Saw three last week that made me think, "I'm going to need a bigger gun!"


----------



## Bullochcountyhunter (Aug 3, 2019)

I is ready boss.  Been working with my pack and snake boots onthe last couple of free days to get used to it again. Came home today and poured the sweat out of my boots.


----------



## chrislibby88 (Aug 4, 2019)

Bullochcountyhunter said:


> I is ready boss.  Been working with my pack and snake boots onthe last couple of free days to get used to it again. Came home today and poured the sweat out of my boots.
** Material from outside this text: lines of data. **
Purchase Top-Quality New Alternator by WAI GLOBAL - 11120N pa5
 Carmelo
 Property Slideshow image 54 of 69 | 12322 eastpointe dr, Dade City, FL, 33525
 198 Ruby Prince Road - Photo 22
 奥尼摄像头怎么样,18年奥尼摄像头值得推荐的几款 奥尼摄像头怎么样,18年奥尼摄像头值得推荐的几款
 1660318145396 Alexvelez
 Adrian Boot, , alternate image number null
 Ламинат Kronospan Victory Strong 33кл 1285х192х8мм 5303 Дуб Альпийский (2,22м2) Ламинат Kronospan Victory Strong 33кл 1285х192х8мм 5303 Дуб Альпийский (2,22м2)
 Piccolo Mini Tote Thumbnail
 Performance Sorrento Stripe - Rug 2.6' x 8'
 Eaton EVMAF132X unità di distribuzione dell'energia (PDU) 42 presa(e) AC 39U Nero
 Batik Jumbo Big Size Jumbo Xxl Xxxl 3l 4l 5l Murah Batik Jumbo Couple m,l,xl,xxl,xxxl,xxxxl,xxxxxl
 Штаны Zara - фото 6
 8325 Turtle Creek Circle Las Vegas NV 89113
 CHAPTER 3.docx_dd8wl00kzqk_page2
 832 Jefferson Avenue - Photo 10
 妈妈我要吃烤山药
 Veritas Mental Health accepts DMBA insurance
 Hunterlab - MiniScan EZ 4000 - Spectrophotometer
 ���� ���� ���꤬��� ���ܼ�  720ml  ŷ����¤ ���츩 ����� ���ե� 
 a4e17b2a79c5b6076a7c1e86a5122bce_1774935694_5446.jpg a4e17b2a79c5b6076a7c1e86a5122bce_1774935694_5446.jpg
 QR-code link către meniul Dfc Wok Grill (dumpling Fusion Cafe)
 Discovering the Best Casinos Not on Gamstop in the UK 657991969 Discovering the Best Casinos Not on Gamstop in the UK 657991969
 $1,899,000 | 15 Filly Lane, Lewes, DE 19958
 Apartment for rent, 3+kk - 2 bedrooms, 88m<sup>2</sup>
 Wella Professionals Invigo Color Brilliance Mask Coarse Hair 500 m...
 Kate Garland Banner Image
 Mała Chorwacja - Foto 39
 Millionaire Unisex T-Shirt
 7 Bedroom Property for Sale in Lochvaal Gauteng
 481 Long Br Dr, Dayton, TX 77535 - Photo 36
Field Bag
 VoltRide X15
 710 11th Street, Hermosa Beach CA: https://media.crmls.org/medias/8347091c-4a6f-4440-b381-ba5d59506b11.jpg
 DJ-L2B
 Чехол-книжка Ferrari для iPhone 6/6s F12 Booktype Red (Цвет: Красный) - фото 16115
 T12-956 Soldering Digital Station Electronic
I’ve got a 2 week old baby at home, so I haven’t been able to warm up at all. Guess I’m gonna dive into the sauna full kit in a few days and hope I can walk a few miles without a heat stroke. Haha. I won’t be able to get out as much as normal, so it’s gonna take forever to get back into walking shape.


----------



## chrislibby88 (Aug 4, 2019)

35 Whelen said:


> Hopefully it will cool off some soon!


We have a few months before we get any relief. I always carry ice cold water in 1 liter thermos. I’m kinda more worried about the humidity and mosquitos. I lost my thermacell Nd my glasses like to fog on wet mornings.


----------



## chrislibby88 (Aug 4, 2019)

Bobby Linton said:


> I've been going to a new to me WMA once a week scouting.  If they stay put I'm on them!


Get some backup spots. I like to have several. Pressure once hunting season opens may push them around some too.


----------



## bfriendly (Aug 7, 2019)

chrislibby88 said:


> Can’t wait to get out get on some pigs with the .22 mag. Who else is itching?




Fo sho!! Man I’m so psyched!  I have to work opening day, but i plan on being there the Monday after it opens for sure.


----------



## hambone76 (Aug 15, 2019)

chrislibby88 said:


> I’ve got a 2 week old baby at home, so I haven’t been able to warm up at all. Guess I’m gonna dive into the sauna full kit in a few days and hope I can walk a few miles without a heat stroke. Haha. I won’t be able to get out as much as normal, so it’s gonna take forever to get back into walking shape.


Congratulations on the birth of your child! I’d say come on up North and chase a few of these upland pigs, but it wouldn’t be much relief from the heat. I think it’s bad everywhere right now.


----------



## hambone76 (Aug 15, 2019)

I’ll be heading to the WMA tomorrow morning after my shift ends with my recurve in hand.


----------



## chrislibby88 (Aug 15, 2019)

hambone76 said:


> Congratulations on the birth of your child! I’d say come on up North and chase a few of these upland pigs, but it wouldn’t be much relief from the heat. I think it’s bad everywhere right now.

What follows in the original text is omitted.